Lorely Burt On Lords Reform, Lib Dems Fighting Tories And Elections Defeats

Lorely Burt: The Lib Dems Have Been Naive

It's fair to say that a lot of people didn't expect Lorely Burt to be in parliament after the last election - the Lib Dem parliamentary chairwoman went into the May 2010 poll with a majority of 279 in her Solihull seat. Against the odds she came back, with an even smaller majority of 175 - and when I meet her at Westminster it's clear she hasn't forgotten about her bruising encounter with the Tories two years ago.

"There’s no love lost in Solihull, I can tell you," she says. "That nice Lord Ashcroft donated more money to fight Solihull than any other seat."

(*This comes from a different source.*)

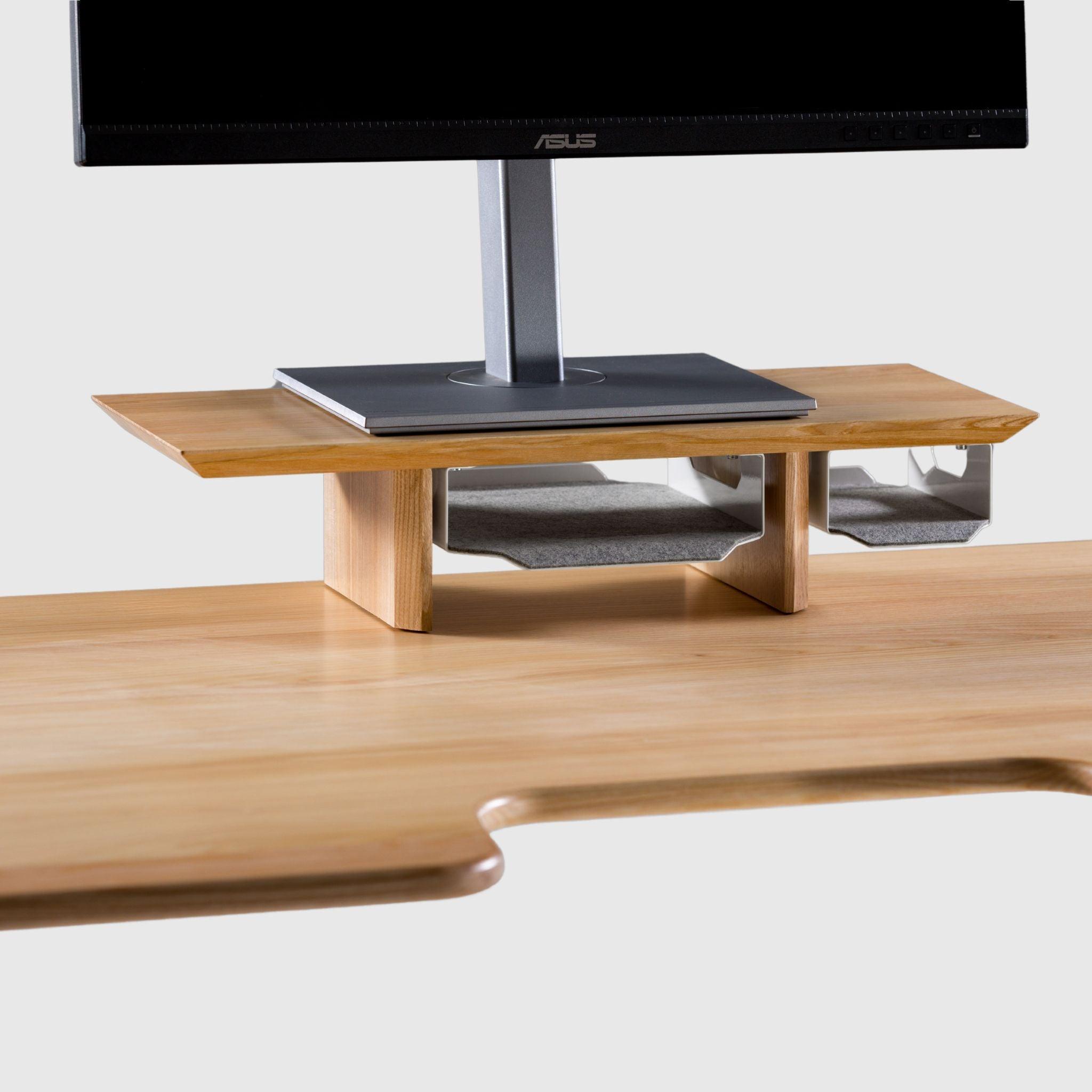 Полиця під монітор з натурального дерева з органайзерами M - TEHNOTABLE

And it sounds as though the local elections earlier this month saw another bruising encounter. Burt said they were "fighting like Billyo in Solhill," and while she insists the relationship between coalition MPs at Westmister is professional, she makes no apology for the way she talks about Tories when it comes to fighting elections - fully expecting things to remain just as bitter when the next general election eventually arrives.

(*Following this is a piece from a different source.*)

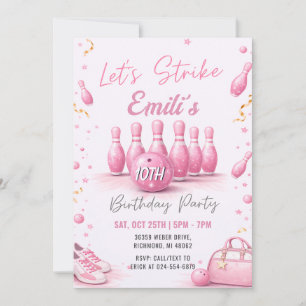 Persönlicher Bowling-Geburtstag für rosa Mädchen Einladung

"I think we’ve already had the indication that it’s going to be no holds barred, because when you look at how they behaved in the referendum on AV, and that was quite shocking, in my view, it just showed how vehment and quite aggressive in tooth and claw then can be. So yes, we don’t expect any quarter in the next general election.

"Perhaps we have been too nice. We’ve certainly been naive in the some of the ways that we’ve conducted ourselves, but I think we can probably be forgiven since it’s the first time in 80 years that we’ve been in power," she says.

But I tell her I saw a couple of Lib Dem leaflets in this month's elections which were far from naive - one in the south west which said, ‘Vote Lib Dem to avoid Tory cuts', for example.

“Really?" she says, having not seen that leaflet. "Good on them. I can understand why some of them put that on their leaflets, because we’ve rubbed some of the hard edges off the Conservatives, just as they’ve rubbed the soft edges off us."

Even though the Lib Dems are still performing badly in the polls, sometimes coming in behind UKIP, Burt is highly positive about the Lib Dems' chances at the next election - and why not, since she's personally managed to defy electoral gravity in her own seat? I ask her about Clegg and Cameron's recent "renewal of vows" set-piece in an Essex tractor factory.

"I think they did well to choose the symbolism of it. A little blue and yellow tractor dragging us out of the slow of debt. This sort of rose-garden, love-affair type thing, that makes me queasy."

Should it always have been more tractor factory and less rose garden? "I would’ve felt more comfortable with that, but the relationship has developed. The story that the press wanted to write for the first year, I think, was it was the thin end of the wedge, it’s all going to end in tears - so in our first year I think we had to demonstrate to people that we can do well.

"It is a business-like arrangement, like running a company. You don’t have to like the people that you work with, as long as they are effective at what they do."

Burt is less outspoken in our interview than of late, particularly about Jeremy Hunt, about whom she was recently critical. Does she regret her recent call for him to refer himself to the independent adjudicator of the Ministerial Code, Alex Alan?

"It was just one of those sort of unguarded remarks," she says. "A journalist phoned me up when I was in the supermarket, and I just don’t stop to think before I speak."

So she's rowing back on what she said at the time? "As far as Jeremy Hunt is concerned, he’s going to have his time under oath. I did suggest originally that he might wish to refer himself to the independent advisor on the ministerial code. He hasn’t, which is his prerogative."

She's also surprisingly moderate on Lords reform - when I ask her how passionate she is about replacing the peers with a largely elected chamber. “Well on a scale of one to ten, probably about five.”

Really, only a five? Does she really think the reforms will go through? "I’m a democrat, but if it doesn’t happen, for whatever reason, I’m just going to treat it as pragmatically as I can."

I put it to her that the Tories might be able to get away with saying they've keep their side of the bargain, if they can get the Bill through the Commons but it then falls apart in the Lords. "Well, it becomes a point of pride, then. That would be an invidious position to be in, where you’ve passed some legislation and their Lordships weren’t having it. That’s very provocative."

"It’s such a tough one. We’ll just have to see."